→ **REQUIRED ACTION**: Please reproduce all of the data exactly as it appears, but skip the pictures.

*** DATA PROVIDED Section Begins ***

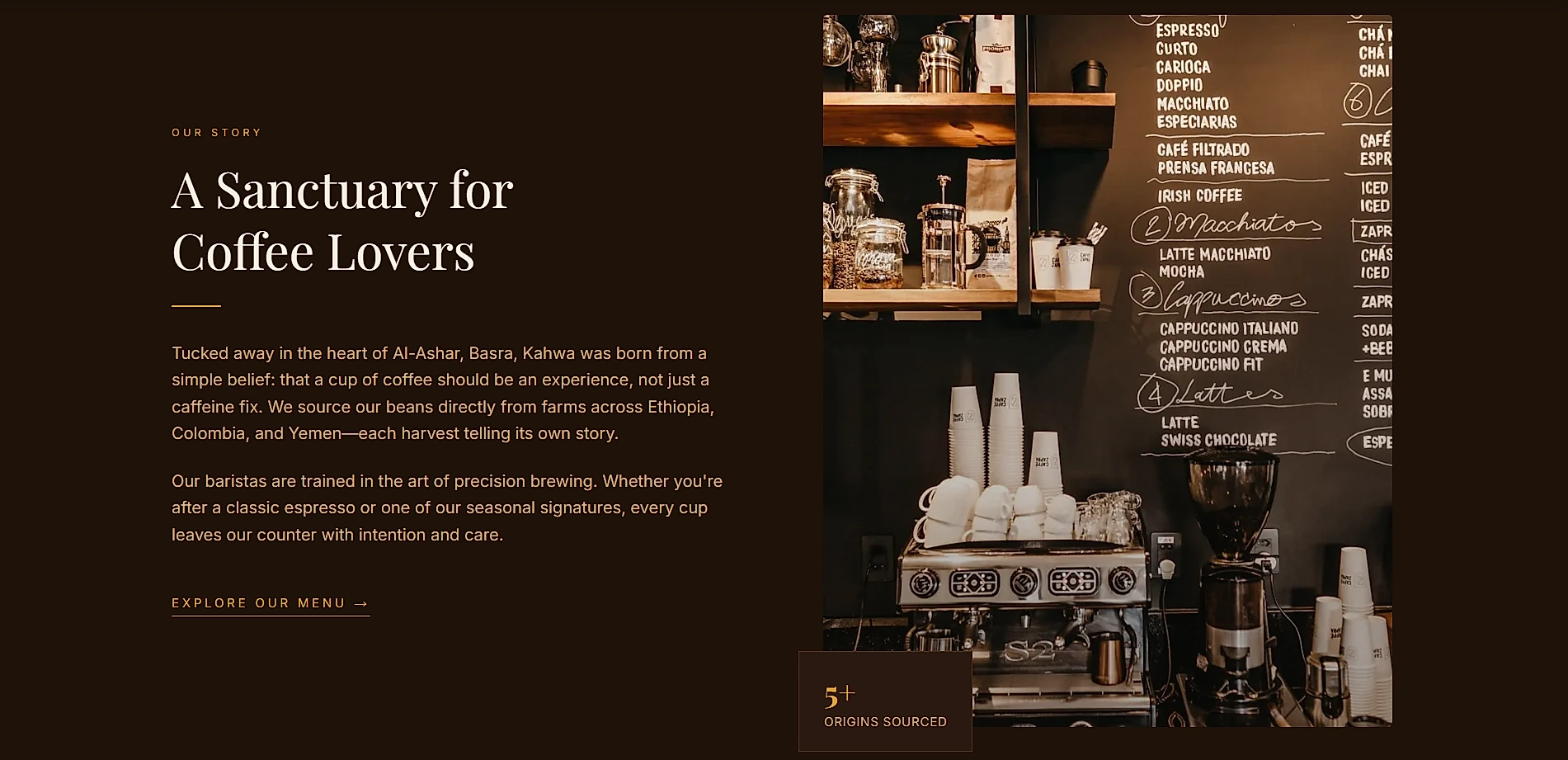 A sanctuary for coffee lovers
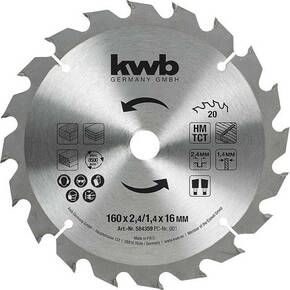 List pile za ivericu za ručnu kružnu pilu Ø 160 x 16 mm kwb 584359 list kružne pile 160 x 16 mm 1 St.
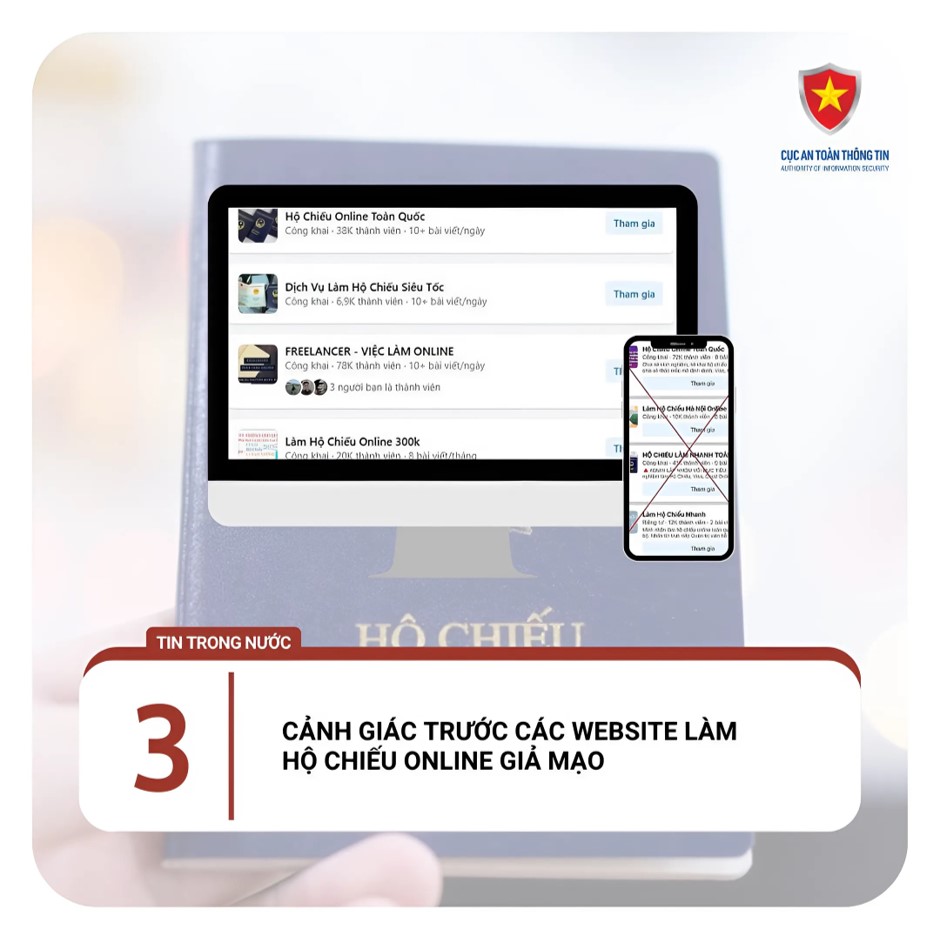Cẩn trọng khi làm hộ chiếu online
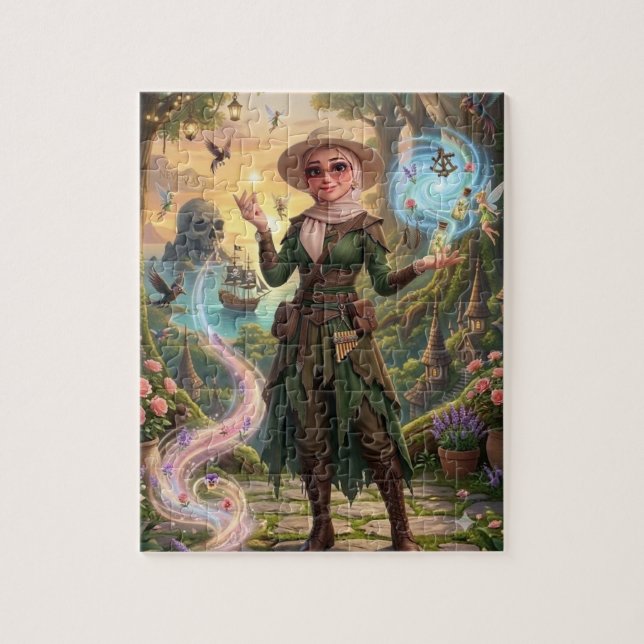 Forêt Enchantée Fantastique Puzzle (Vertical)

*** DATA PROVIDED Section Ends ***

→ **RESPONSE FOR THIS EXERCISE**:
 A sanctuary for coffee lovers
 List pile za ivericu za ručnu kružnu pilu Ø 160 x 16 mm kwb 584359 list kružne pile 160 x 16 mm 1 St.
Cẩn trọng khi làm hộ chiếu online
 Forêt Enchantée Fantastique Puzzle (Vertical)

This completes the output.